Hello Jim! Great to hear from you again.

PM me the particulars on the seminar and I'll see about getting some of our guys down there. I would love to go myself and finally meet you.

I trust the business we discussed a year or so ago ref one of your teams worked out OK?


----------



## Jim Duncan (Jan 19, 2009)

Howard Knauf said:


> Hello Jim! Great to hear from you again.
> 
> PM me the particulars on the seminar and I'll see about getting some of our guys down there. I would love to go myself and finally meet you.
> 
> I trust the business we discussed a year or so ago ref one of your teams worked out OK?


Ha, you mean the robbery case from Jan 2012, with the track from the scene to the suspects house? Funny you mention that. We have had three week long jury trials, one was a hung jury with one hold out juror. Second was a mistrial on the defenses part. Third had some jury tampering and was a mistrial. He has gone through three attorneys and has spent over a 100K of his parents money. They have lost all their motions to suppress and there is some nice case law with my name on it from this.
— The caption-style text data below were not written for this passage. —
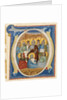 The Pentecost. Initial O from an Antiphoner, ca 1320 by Anonymous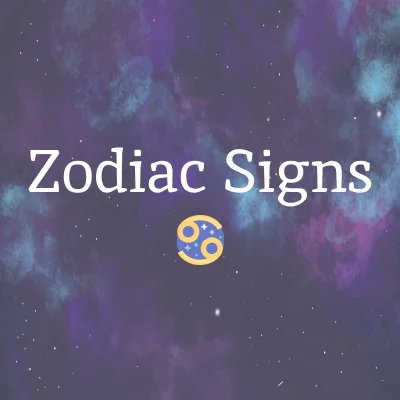 Zodiac Signs page navigation image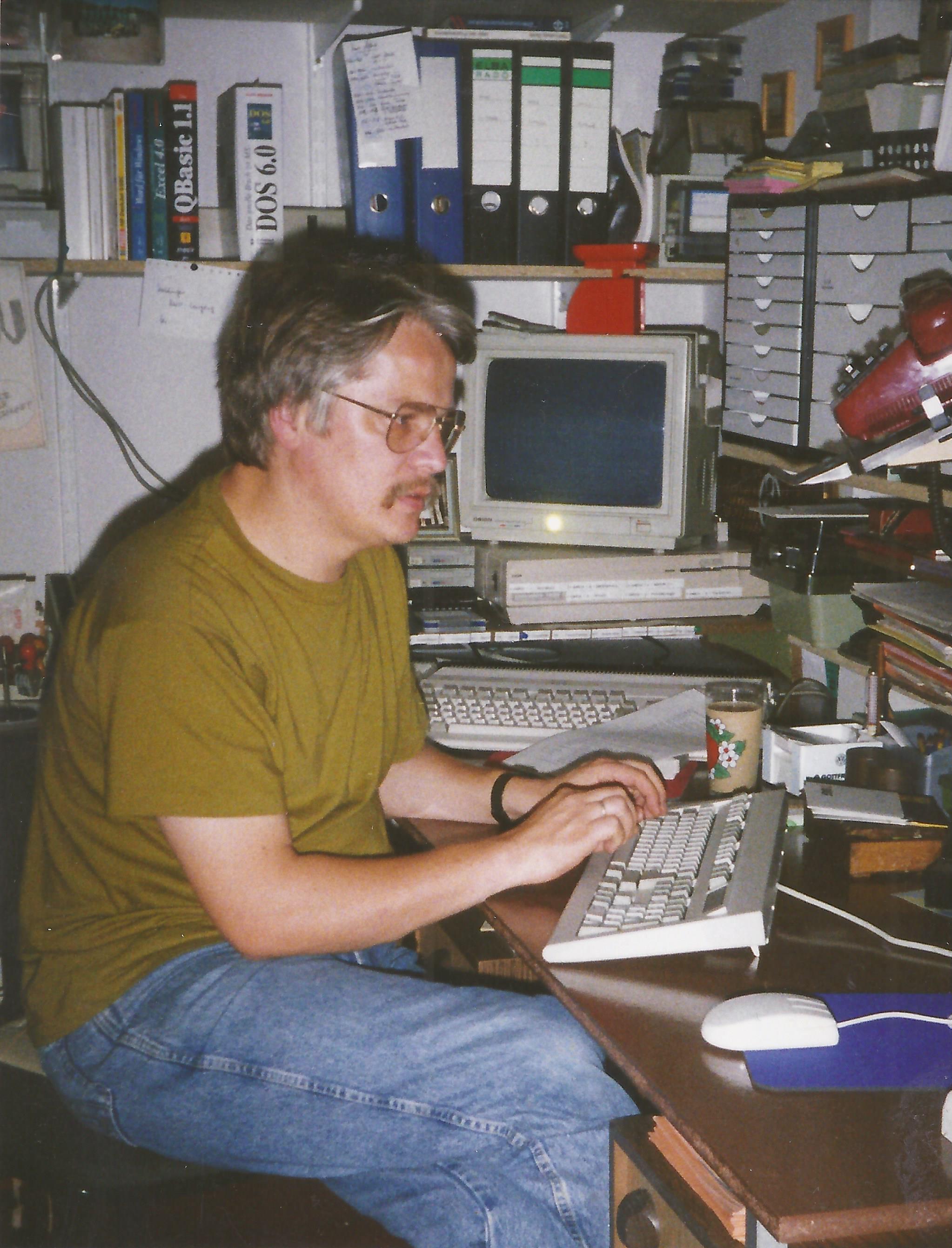 Bilde Uwe am Computer 1993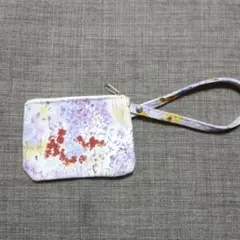 花柄パステルカラーポーチ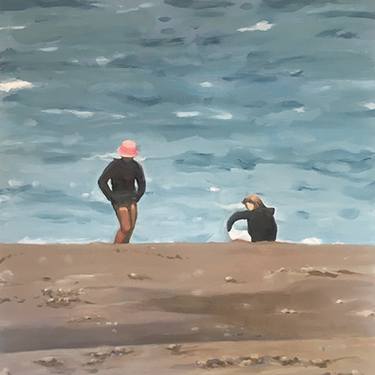 Original Figurative Seascape Paintings by irene grant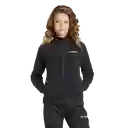 Adidas Chaqueta W Fleece Para Outdoor de Mujer Negro Talla S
The victim is outstanding and is 1000% sure this is the guy that put the gun to her head. Track from the scene, about a 1/2 mile directly to the house they were spotted running into. So, Monday we have our fourth Jury trial for a robbery case that happened over 6 years ago. I will let you know how it goes next week. The newest attorney is really going to put on a show for the jury. He and I are friendly, but he can be outrageous in court. 
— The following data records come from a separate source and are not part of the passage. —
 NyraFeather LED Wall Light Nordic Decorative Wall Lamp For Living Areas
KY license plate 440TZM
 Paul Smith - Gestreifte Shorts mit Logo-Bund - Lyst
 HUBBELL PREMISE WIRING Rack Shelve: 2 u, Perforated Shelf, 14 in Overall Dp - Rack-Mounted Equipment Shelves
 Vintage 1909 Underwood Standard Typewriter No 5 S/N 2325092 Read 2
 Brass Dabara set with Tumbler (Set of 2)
I will PM you the info on the seminar.

Jim


----------



## Phil Dodson (Apr 4, 2006)

Nice to hear from you Jim. he tracks well on hard surface, he just seems to work on it so hard he doesn't realize he has slowed down. Like I stated earlier he works a nice steady pace off lead, but slows down some when I have him go back on lead. He will be ok. I use find and bite as well.


----------



## Phil Dodson (Apr 4, 2006)

I know, I know I should have left well enough alone, but I couldn't help myself. Started a little agitation while on grass just before hard surface, turned, and disappeared around the block and hid in a driveway. He tracked off line and tracked the hard surface quicker than before. I was very satisfied. Did two more short tracks using the same method and both times he sped up considerably on the hard surface.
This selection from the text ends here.